# Heavy Duty Schwinn rim from Whizzer



## 4scuda (Feb 14, 2022)

This is a schwinn rim, I am not sure of the designation for these heavy spiked rims used on whizzers. To date it, the bike had a planes and trains badged whizzer frame. Bendix rear end which I would think should need new bearings.  I don’t know if it will clean up all the way I’ve pictured the worst spots. $30 shipping from Georgia I accept all types of payment.


----------



## Kaneskustoms (Feb 14, 2022)

$20


----------



## 4scuda (Feb 14, 2022)

Not close no deal


----------



## coasterbrakejunkie1969 (Feb 14, 2022)

That is a'n 80s Heavy duty wheel off a Schwinn Cruiser


----------



## Kaneskustoms (Feb 14, 2022)

I have the front


----------



## 4scuda (Feb 17, 2022)

Here is the bike it came off of. The frame has the whizzer indents. It could be the back wheel was replaced how do you tell if its from the 1980s heavy duty bikes.


----------



## coasterbrakejunkie1969 (Feb 17, 2022)

4scuda said:


> Here is the bike it came off of.

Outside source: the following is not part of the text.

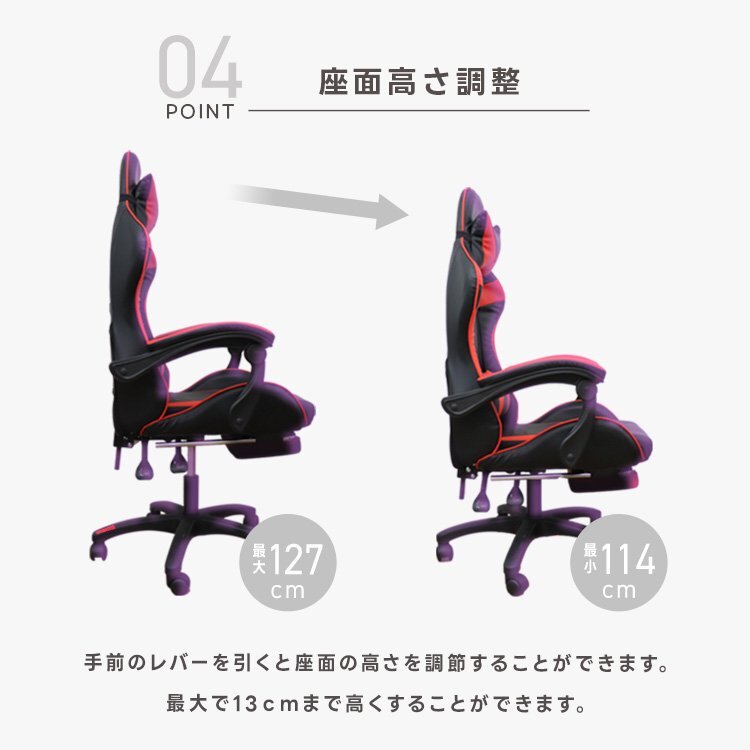 【数量限定セール】ゲーミングチェア ブラック フットレスト付 120度リクライニング リクライニングチェア オフィスチェア 椅子 テレワークの画像6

The frame has the whizzer indents. It could be the back wheel was replaced how do you tell if its from the 1980s heavy duty bikes.View attachment 1571822



It looks as though you have an older rim and a newer hub and spokes. The hub could not be any earlier then 76. The hub shell and brake arm tell me that. The center stamped rim however is older and I'm unsure of the last year for their production. It is a HD wheel for sure and has value. Good luck


----------



## Kaneskustoms (Feb 17, 2022)

Look closely at the spokes  and see if they have marks from the sheath mounts. I didnt see any  O-O


----------



## Manhrs (Feb 17, 2022)

The cruiser spokes would be .105 and the whizzer spokes would be .120 with huge nipples 😉


----------



## Kaneskustoms (Feb 17, 2022)

Manhrs said:


> The cruiser spokes would be .105 and the whizzer spokes would be .120 with huge nipples 😉



Ha Ha


----------